BACA JUGA: MENANGGUNG HAK TANGGUNGAN
Nah, itulah yang menjadi perhatian karena tidak ada kepastian hukum terhadap pemegang hak tanggungan peringkat II, peringkat III dan seterusnya, terkait eksekusi hak tanggungan melalui pelelangan umum yang hanya bisa dilakukan oleh pemegang hak tanggungan peringkat I.
Lain cerita kalau beban hak tanggungan lebih besar dari penjualan objek hak tanggungan, kemudian para pihaknya tidak sepakat terkait dengan pembagian hasil penjualan objek hak tanggungan dan keberatan untuk menghapusnya. Hal itu sudah dijelaskan sih, di Pasal 19 Ayat (3) UU HT. Dimana pembeli objek hak tanggungan dapat mengajukan ke Ketua Pengadilan Negeri letak objek hak tanggungan tersebut, untuk menetapkan pembersihan hak tanggungan dan menetapkan ketentuan mengenai pembagian hasil penjualan lelang di antara para kreditur pemegang hak tanggungan.

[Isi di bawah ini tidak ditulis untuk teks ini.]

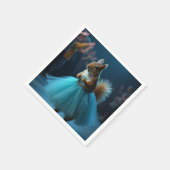 De Prinses Eekhoorn Servet (Hoek)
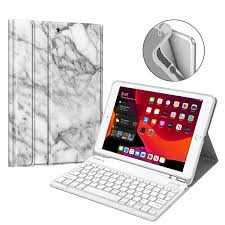 Fintie Tpu Keyboard Case For Ipad 10 2 Inch 7th 8th Generation Built In Pencil Holder Tablet Cover 10 2 Inch Ipad 8th 7th Gen Walmart Com In 2021 Keyboard Case Ipad Case Apple Ipad Case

Eh, tapi gimana kalau debitur hanya wanprestasi pada kreditur pemegang hak tanggungan peringkat II sedangkan pada kreditur pemegang hak tanggungan peringkat I tidak wanprestasi?

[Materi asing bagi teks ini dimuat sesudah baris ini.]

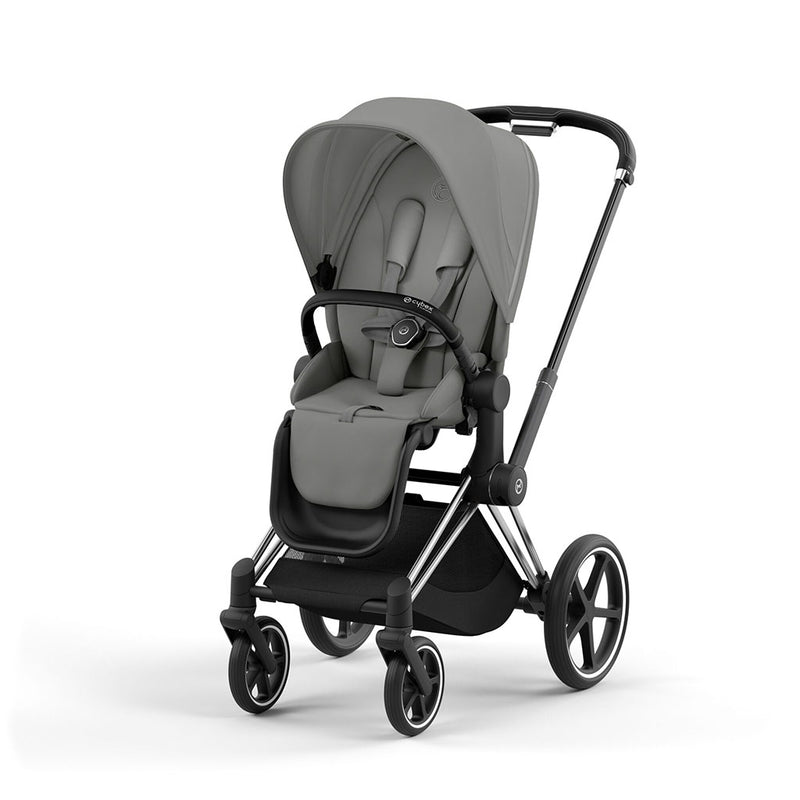 Cybex Priam Pushchair - Chrome Black / Mirage Grey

In my opinion, perbedaan kreditur pemegang hak tanggungan dalam satu objek hak tanggungan akan lebih efektif kalau diterapkan, apabila adanya klausula cross collateral dan cross default dalam perjanjian kredit di antara para kreditur pemegang hak tanggungan dalam satu objek hak tanggungan tersebut agar hutang dan jaminannya saling terikat satu sama lain. Sehingga meminimalisir sengketa antara para pemegang hak tanggungan.
Btw, apa sih, cross collateral dan cross default? Mmmh, kita bahas di artikel selanjutnya ya.
Jadi gitu ya, guys. Secuil pembahasan tentang permasalahan terhadap peringkat pemegang hak tanggungan.